# encoding: utf-8
require "logstash-filter-useragent_jars"
require "logstash/filters/base"
require "logstash/namespace"
require 'logstash/plugin_mixins/ecs_compatibility_support'
# Parse user agent strings into structured data based on BrowserScope data
#
# UserAgent filter, adds information about user agent like family, operating
# system, version, and device
#
# Logstash releases ship with the regexes.yaml database made available from
# ua-parser with an Apache 2.0 license. For more details on ua-parser, see
# .
class LogStash::Filters::UserAgent < LogStash::Filters::Base
include LogStash::PluginMixins::ECSCompatibilitySupport(:disabled, :v1, :v8 => :v1)
config_name "useragent"
# The field containing the user agent string. If this field is an
# array, only the first value will be used.
config :source, :validate => :string, :required => true
# The name of the field to assign user agent data into.
#
# If not specified user agent data will be stored in the root of the event.

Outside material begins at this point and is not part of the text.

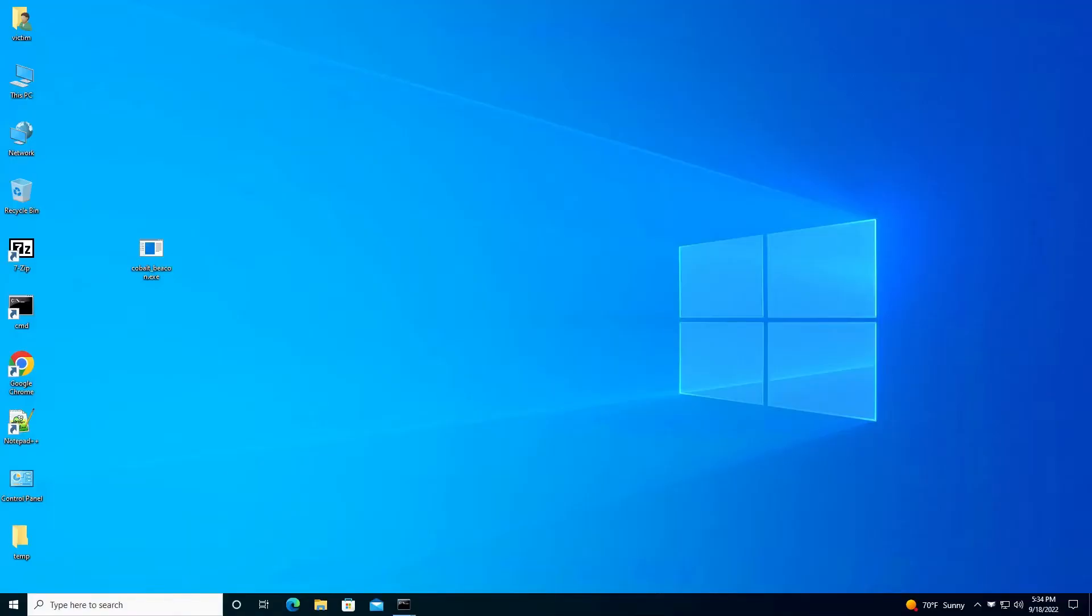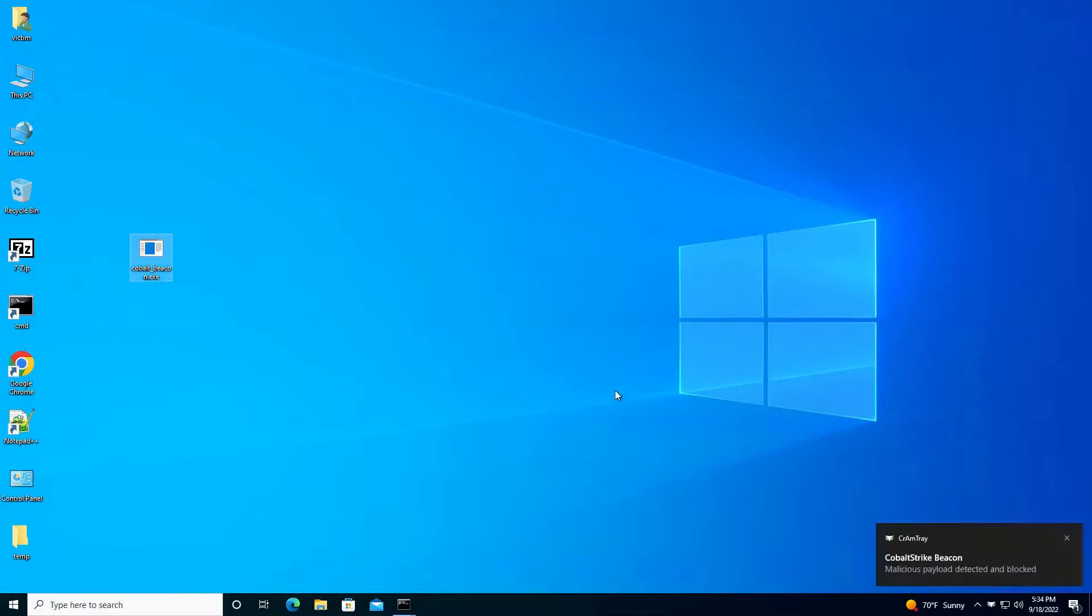Let's see this now in action. First, we have a Cobalt Strike beacon that is being obfuscated using the Veil framework. When we attempt to run the executable by clicking on it, we can see CyberReason correctly identifies the payload as Cobalt Strike beacon, blocks it from loading, and then quarantines the malicious executable.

config :target, :validate => :string # default [user_agent] in ECS mode
# `regexes.yaml` file to use
#
# If not specified, this will default to the `regexes.yaml` that ships
# with logstash.
#
# You can find the latest version of this here:
#
config :regexes, :validate => :string
# A string to prepend to all of the extracted keys
config :prefix, :validate => :string, :default => '' # not supported in ECS mode
# UA parsing is surprisingly expensive. This filter uses an LRU cache to take advantage of the fact that
# user agents are often found adjacent to one another in log files and rarely have a random distribution.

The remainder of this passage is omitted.